WORK REQUIRED ▸ Pick out every line in the data below that holds "Stockfoto".

INPUT MATERIAL ▸
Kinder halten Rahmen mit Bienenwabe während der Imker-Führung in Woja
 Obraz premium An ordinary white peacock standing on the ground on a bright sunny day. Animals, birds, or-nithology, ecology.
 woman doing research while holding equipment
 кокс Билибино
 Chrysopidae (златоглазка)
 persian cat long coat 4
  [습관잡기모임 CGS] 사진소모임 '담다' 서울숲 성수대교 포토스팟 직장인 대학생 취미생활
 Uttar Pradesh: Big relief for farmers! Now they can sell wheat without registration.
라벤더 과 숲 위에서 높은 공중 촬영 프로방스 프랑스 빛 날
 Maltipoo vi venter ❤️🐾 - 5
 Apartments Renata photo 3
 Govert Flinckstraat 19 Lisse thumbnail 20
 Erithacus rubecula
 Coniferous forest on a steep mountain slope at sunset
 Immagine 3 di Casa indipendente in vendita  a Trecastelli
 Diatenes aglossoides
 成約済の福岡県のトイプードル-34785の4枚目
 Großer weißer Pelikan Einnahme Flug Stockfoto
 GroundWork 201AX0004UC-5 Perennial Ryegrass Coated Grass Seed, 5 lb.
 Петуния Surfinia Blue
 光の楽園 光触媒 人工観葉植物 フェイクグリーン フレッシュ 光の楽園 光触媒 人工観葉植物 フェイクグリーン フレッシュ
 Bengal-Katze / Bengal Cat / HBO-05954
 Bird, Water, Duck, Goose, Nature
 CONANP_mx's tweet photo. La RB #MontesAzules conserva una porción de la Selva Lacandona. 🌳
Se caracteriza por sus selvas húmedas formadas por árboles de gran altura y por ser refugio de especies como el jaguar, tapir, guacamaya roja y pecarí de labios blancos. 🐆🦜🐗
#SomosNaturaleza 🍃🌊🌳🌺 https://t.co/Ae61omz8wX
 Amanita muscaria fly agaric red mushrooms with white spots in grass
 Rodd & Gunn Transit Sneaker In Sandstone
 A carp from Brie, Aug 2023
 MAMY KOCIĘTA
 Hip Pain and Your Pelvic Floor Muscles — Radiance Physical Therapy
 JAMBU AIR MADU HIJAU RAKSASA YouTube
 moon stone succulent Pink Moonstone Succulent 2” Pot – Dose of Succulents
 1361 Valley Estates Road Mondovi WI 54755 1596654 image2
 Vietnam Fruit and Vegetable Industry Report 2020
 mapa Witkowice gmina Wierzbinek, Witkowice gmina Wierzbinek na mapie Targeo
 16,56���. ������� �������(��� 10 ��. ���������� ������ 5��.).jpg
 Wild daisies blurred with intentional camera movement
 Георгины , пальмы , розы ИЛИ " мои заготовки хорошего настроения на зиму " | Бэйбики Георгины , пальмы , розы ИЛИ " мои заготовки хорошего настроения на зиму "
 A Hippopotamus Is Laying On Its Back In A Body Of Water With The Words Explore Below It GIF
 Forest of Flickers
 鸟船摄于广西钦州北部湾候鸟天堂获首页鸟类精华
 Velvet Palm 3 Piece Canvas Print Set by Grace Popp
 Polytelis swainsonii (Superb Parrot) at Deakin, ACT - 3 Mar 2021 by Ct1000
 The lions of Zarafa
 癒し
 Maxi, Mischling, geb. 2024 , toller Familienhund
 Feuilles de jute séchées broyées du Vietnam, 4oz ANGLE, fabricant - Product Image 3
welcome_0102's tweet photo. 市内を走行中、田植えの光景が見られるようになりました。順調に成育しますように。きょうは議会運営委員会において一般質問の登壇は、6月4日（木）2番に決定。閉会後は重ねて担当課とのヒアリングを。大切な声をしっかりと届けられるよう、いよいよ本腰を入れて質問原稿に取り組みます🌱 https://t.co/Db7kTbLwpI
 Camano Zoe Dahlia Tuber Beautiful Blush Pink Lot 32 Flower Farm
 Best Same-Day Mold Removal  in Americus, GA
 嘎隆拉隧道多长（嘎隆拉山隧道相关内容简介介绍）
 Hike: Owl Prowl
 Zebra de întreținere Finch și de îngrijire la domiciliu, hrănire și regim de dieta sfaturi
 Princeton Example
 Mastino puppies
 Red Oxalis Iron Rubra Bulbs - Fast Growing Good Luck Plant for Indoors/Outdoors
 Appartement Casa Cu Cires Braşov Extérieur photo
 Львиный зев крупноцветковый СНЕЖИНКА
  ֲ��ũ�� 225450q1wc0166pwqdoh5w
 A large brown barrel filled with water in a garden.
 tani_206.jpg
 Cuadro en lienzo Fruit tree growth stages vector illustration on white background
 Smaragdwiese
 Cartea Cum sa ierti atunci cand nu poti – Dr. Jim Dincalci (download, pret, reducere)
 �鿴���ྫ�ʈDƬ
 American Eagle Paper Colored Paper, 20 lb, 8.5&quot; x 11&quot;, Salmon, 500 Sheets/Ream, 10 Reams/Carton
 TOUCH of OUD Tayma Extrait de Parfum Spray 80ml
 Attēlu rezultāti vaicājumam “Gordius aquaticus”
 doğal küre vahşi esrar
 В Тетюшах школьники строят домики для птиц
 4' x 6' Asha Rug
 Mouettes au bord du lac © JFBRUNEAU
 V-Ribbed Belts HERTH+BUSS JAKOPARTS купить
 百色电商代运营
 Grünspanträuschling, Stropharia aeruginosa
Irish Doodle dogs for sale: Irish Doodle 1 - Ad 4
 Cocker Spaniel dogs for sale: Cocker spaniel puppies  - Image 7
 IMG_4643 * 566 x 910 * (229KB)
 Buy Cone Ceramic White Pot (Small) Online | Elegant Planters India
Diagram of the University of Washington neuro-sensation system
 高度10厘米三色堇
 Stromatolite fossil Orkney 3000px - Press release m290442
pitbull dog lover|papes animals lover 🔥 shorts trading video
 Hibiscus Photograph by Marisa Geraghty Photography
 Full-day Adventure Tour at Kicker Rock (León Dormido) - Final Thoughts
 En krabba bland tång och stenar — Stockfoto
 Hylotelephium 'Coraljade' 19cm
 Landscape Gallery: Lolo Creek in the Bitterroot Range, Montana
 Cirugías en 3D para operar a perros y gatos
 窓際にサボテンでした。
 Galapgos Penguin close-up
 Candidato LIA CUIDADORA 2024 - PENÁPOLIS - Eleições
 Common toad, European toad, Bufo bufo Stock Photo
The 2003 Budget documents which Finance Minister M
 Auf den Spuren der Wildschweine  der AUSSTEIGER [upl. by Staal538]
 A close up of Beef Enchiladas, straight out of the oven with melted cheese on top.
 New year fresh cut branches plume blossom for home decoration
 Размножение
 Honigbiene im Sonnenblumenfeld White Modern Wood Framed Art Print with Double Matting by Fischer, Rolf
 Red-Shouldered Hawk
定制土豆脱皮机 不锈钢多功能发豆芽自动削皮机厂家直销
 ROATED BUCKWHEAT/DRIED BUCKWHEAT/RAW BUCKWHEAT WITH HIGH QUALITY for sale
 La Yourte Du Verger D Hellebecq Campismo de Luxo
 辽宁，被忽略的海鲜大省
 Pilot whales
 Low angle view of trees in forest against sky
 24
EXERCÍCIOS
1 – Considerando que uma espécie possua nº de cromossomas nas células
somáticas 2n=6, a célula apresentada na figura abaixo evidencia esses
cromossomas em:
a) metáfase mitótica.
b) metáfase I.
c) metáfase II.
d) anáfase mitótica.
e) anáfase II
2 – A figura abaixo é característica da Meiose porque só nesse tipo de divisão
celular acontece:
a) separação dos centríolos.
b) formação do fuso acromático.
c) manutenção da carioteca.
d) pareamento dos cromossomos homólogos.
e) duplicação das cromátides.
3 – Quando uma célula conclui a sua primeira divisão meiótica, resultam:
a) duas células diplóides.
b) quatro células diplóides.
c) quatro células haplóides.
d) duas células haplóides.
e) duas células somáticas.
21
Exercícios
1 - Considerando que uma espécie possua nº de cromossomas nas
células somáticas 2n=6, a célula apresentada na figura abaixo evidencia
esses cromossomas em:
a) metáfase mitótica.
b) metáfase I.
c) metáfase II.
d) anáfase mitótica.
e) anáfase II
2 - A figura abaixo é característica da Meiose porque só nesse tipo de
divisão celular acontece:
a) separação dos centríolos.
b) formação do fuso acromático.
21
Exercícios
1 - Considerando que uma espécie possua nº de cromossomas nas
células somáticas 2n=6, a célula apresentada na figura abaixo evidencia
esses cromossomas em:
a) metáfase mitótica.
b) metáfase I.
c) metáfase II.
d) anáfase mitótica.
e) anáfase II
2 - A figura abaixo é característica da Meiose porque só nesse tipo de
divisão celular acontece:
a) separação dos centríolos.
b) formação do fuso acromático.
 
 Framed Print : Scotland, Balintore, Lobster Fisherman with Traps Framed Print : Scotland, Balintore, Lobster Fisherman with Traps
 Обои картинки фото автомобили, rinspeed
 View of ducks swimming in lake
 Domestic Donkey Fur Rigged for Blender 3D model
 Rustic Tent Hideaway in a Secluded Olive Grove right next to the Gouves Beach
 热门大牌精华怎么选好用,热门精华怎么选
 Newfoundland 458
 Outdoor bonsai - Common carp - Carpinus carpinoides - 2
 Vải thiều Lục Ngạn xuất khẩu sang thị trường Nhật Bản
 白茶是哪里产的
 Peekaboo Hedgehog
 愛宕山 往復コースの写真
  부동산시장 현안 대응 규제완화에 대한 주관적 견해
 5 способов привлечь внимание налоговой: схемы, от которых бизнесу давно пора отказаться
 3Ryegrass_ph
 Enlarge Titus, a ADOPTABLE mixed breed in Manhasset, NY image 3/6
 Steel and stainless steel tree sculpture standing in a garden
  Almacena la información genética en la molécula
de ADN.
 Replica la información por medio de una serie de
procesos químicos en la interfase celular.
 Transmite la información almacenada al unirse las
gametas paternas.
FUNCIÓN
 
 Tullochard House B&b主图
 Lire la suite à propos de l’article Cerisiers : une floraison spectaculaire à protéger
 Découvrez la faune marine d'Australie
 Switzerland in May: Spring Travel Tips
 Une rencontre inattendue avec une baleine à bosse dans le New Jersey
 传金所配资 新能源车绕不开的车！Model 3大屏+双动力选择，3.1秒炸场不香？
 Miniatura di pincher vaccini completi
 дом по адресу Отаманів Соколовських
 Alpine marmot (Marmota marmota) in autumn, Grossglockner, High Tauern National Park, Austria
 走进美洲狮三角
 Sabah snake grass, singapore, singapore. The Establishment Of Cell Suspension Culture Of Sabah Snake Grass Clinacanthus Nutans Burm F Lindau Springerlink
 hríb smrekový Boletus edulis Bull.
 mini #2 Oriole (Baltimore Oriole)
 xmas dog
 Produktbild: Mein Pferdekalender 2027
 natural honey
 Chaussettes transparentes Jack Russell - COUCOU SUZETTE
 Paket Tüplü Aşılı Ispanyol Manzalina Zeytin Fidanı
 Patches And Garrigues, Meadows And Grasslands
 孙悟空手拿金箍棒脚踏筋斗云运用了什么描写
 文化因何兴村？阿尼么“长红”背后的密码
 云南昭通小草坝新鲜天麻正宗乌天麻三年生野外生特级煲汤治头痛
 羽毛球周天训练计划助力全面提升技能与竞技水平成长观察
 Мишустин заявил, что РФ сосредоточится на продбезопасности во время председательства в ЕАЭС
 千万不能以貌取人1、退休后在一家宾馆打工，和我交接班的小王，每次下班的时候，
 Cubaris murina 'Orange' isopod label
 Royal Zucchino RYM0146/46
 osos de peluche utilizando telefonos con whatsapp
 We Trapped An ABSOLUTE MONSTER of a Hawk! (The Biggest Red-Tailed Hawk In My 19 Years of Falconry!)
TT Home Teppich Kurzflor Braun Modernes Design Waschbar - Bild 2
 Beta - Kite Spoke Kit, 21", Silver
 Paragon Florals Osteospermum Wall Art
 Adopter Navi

REPLY TO THE TASK ▸
 Großer weißer Pelikan Einnahme Flug Stockfoto
 En krabba bland tång och stenar — Stockfoto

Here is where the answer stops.